Township Attorney Jean Cipriani said that fines concerning solid waste infractions on the township level can be a minimum of $2,500 and a maximum of $10,000 with other fines ranging from $1,250 to $2,000.
“Mr. Riker brings up a very good point. Our residents need to do their due diligence on who they are hiring and who may be cutting corners. There is a large concern,” Township Business Administrator Helene Schlegel said regarding unlicensed contractors.
Cipriani added that even in a case where a construction permit was not required the township could require registration of the licensed professional involved in a work project.
Council Vice President Rob Nixon said “we have a tremendous natural resource in town. We need to protect it. The material dumped there could have just sat there if nothing was done.”
“If we are going to do this, let’s do it right the first time and let’s go with the maximum fine,” Councilman Barry Calogero said. The governing body indicated that they favored that approach.

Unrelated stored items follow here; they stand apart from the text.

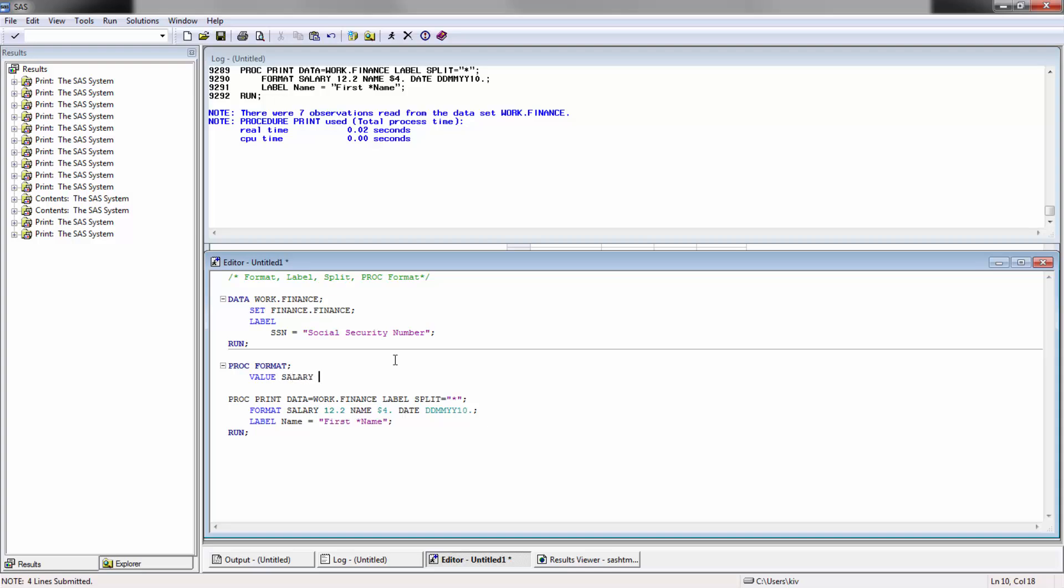I'm going to call it salary range. If you're using a numeric one, if you're replacing numeric with categories, then you don't need to include the dollar sign. But if you're replacing characters with characters, then you have to use the dollar sign in front of your format name. In this case, what I'm going to do is type in zero dash, this less than sign will mean that's not inclusive of the 25,000. Basically zero to whatever 24,999, and I'm going to call this salary one.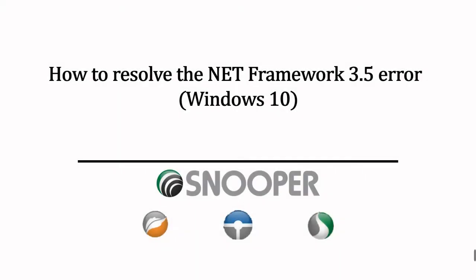This brings us to the end of today's tutorial on resolving the error you may see. If you have any further questions, don't hesitate to get in touch.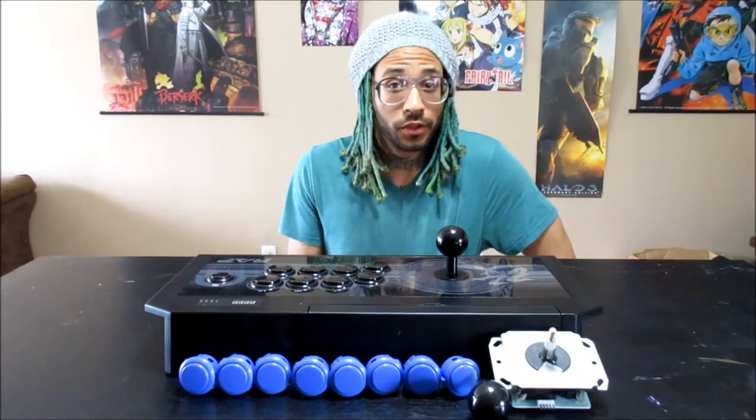What's going on fam? Coming at you today with a mod video. I wouldn't really call it a mod video. I'm just changing the buttons and the joystick, but this will void your warranty, so it's a mod.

Council members also approved an ordinance entitled “Landlord Registration and Responsibility” during its meeting.
The measure will allow for the creation of an article to provide relocation assistance by the township for tenants who are displaced due to the lack of maintenance by landlords.
Cipriani said after the meeting that in such cases the township would then seek reimbursement from the landlord through a lien on their property.
“If a tenant is evicted because of an action by the code enforcement officer due to a condition on the property making it unsafe this will allow them to seek relocation assistance because it is not their fault,” Cipriani said.
“Upkeep of the property is the responsibility of the landlord and it is up to them to properly maintain it,” Cipriani added.
During the session, Schlegel discussed an increase in fees by the building department. She said that during a recent review of that department involving the construction officer, a negative balance of around $4,800 was noted.
Schlegel said that this revenue aspect of the department “must be self-sustaining and not requiring taxpayer support.”
Calogero asked when the last time fees from that department had been raised.
“Not in the recent past,” Schlegel responded.
Cipriani said the last time the township increased fees of that type was in February of 2015.
“The analysis we’ve done concerning this shows it should cover the costs. We are not looking to make money just trying to sustain it,” Schlegel said.
Schlegel said she would prepare an ordinance for introduction during the council’s next meeting which is April 24. The township’s budget hearing is also set to be heard at that meeting.